Biodiversity cradles and museums segregating within hotspots of endemism

Abstract

The immense concentrations of vertebrate species in tropical mountains remain a prominent but unexplained pattern in biogeography. A long-standing hypothesis suggests that montane biodiversity hotspots result from endemic species aggregating within ecologically stable localities. Here, the persistence of ancient lineages coincides with frequent speciation events, making such areas both 'cradles' (where new species arise) and 'museums' (where old species survive). Although this hypothesis refers to processes operating at the scale of valleys, it remains supported primarily by patterns generated from coarse-scale distribution data. Using high-resolution occurrence and phylogenetic data on Andean hummingbirds, we find that old and young endemic species are not spatially aggregated. The young endemic species tend to have non-overlapping distributions scattered along the Andean treeline, a long and narrow habitat where populations easily become fragmented. By contrast, the old endemic species have more aggregated distributions, but mainly within pockets of cloud forests at lower elevations than the young endemic species. These findings contradict the premise that biogeographical cradles and museums should overlap in valley systems where pockets of stable climate persist through periods of climate change. Instead, Andean biodiversity hotspots may derive from large-scale fluctuating climate complexity in conjunction with local-scale variability in available area and habitat connectivity.

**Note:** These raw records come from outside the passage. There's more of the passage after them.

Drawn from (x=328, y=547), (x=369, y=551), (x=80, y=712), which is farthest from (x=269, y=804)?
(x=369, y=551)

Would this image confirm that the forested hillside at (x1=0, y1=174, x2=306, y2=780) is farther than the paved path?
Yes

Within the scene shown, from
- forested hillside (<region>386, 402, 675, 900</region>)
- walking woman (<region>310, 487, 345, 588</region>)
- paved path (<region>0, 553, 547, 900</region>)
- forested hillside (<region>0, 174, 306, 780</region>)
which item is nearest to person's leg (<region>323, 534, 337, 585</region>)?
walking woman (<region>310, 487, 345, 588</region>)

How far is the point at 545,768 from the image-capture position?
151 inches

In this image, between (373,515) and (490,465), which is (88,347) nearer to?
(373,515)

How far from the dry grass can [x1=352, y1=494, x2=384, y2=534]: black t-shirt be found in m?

Keywords: Andes; biodiversity; hummingbirds; maintenance; range size; speciation.

Figure 1.

Regional richness pattern of young and old endemic species. (a) The richness of endemic hummingbirds is defined as the 25% fraction of species in the north and central Andes (grey shade; [32]) with the smallest geographical ranges. (b) The richness of young endemic species, i.e. the 25% fraction of endemic hummingbirds with the shortest terminal branch lengths. (c) The richness of old endemic species, i.e. the 25% fraction of endemic hummingbirds with the longest terminal branch lengths. The pie diagrams show the differences in the species' habitat preferences. The inner circles represent the frequency distribution of hummingbird species occurring in one or several habitats. The outer diagram shows the fractions of hummingbirds that are restricted to one single habitat. (Online version in colour.)

Figure 2.

Disjunct distributions of young and old endemic species. Colours highlight grid cells with more young or old endemic species than expected from a biogeographical null model. The grey-shaded area marks the central and northern Andes [32], constituting the biogeographical source pool. The paintings (by Jon Fjeldså) show representatives of young and old endemic species from different regions in the Andes. (Online version in colour.)

Figure 3.

Richness-frequency distribution of young and old endemic species. The plot comprises the subset of grid cells with a standardized richness of young or old endemic species exceeding 0.5 (highlighted in black on the map). The threshold of 0.5 indicates that grid cells contain more of either age class than sampled by the majority of null model iterations. (Online version in colour.)

Figure 4.

Segregations in elevations between young and old endemic species. (a) The richness of young endemic species peaks at higher elevations than old endemic species. Adding missing species to the phylogeny caused slight uncertainty in the composition of young and old endemic species (electronic supplementary material, table S10e). This uncertainty produces the figure's 95% confidence intervals (shaded areas). (b) Elevational variation in terminal branch lengths in million years (Myr). Here, missing species were added to the phylogeny using the median branch length for 1000 phylogenetic trees (electronic supplementary material, table S10a). The dashed lines represent the quartile boundaries used for selecting young (blue) and old (red) endemic species. (Online version in colour.)

Figure 5.

Hypothesized scale-dependency of speciation and extinction processes within a tropical mountain system, represented by the east Andean Cordillera (illustration by Jon Fjeldså). The grey bars' thickness indicates the levels of the factors, processes and patterns at different elevational zones. At the regional–continental scale of extent (a), historical climate dynamics in conjunction with topographic complexity (termed ‘fluctuating climatic complexity’; [19]) promotes speciation and lowers extinction rates. The result is young and old endemic species aggregating in tropical mountains [9,10,19]. At the scale of valleys within mountains (b), surface area and habitat connectivity become more important determinants of the speciation and extinction processes. The narrow treeline zone with patchy vegetation promotes speciation at high altitudes, resulting in a scattered distribution of young endemic species [13,14]. Above the treeline ecotone, the surface area and habitat connectivity increase if the highlands reach a plateau. The habitats' width and connectivity increase towards the cloud forest at mid-elevation, providing more optimal conditions (i.e. low extinction) for the persistence of old endemic species. (Online version in colour.)